Sunday, July 17, 2016

the female gaze: by the sea and the private lives of pippa lee



By the Sea: (2015. dir: Angelina Jolie Pitt) In what appears vaguely to be the 1970s, two beautiful people, married 14 years, languish at a secluded Maltese resort by the sea. She (Jolie) wilts gracefully across divans and sloths around on deck chairs; he goes down to the local, chats up the folks, tries to write, drinks himself into sloppy rudeness only to be forgiven by the generous old man who runs the joint. We can see their marriage is dissolving in icy distance, and there is some allusion to a past crisis which cannot be discussed. One of the great strengths of the piece, in fact, is that we don't know the nature of the crisis until late in the day. The film would have been all the better had it been left a mystery indefinitely, since the instigating event is not, ultimately, important, just the emotional and psychological fall-out from it, and naming it makes commonplace and simple what might have remained a tentacled monster of vast and Lovecraftian proportion.

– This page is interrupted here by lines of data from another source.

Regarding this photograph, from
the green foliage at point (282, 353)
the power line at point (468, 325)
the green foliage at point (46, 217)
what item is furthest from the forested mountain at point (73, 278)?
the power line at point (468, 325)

Jolie captures well the strangeness of marriage, and how cataclysmic abysses can open between two people who know one another too well, an estrangement seemingly against both partner's wills, seeming to have an avalanche life of its own, gaining weight and matter as it gains speed. Mostly, though, the pace here is so unfailingly languid, and the clinching moment, the fulcrum upon which the climax turns, depends on so second-perfect an accidental encounter, that it feels forced and writerly.

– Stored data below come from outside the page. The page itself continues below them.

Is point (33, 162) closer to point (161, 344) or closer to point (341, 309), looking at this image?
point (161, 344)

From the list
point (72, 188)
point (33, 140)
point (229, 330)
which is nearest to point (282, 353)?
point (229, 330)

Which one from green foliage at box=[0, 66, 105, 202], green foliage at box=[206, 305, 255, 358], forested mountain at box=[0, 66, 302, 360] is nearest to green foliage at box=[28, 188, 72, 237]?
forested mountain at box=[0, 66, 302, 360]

*SPOILER ALERT*: In the end, we are told that her "tragedy" is that she is barren, but it is simple for us to see, although the characters never do, that her true tragedy is a lack of vocation. She thinks herself into dire maelstroms because she has no purposive action, no direction for her energies. We are told she was once a dancer. When asked why she stopped, she acidly says, "I got old." When he (Pitt) holds forth about the good old times to the tavern-keeper, he recalls himself having been once a great writer, and she a dancer with a great body; whether she had talent is not of value enough to mention. Like Scott with Zelda, he will own all the genius in the family, and she, like Zelda, finds herself a dancer whose access to the stage has been stripped away by the prejudice of the world against a woman aging.

Mostly, though, it's beautiful to look at, with great cars and perfect, groovy songs, reminiscent of a certain mid-20th-c. European ouevre.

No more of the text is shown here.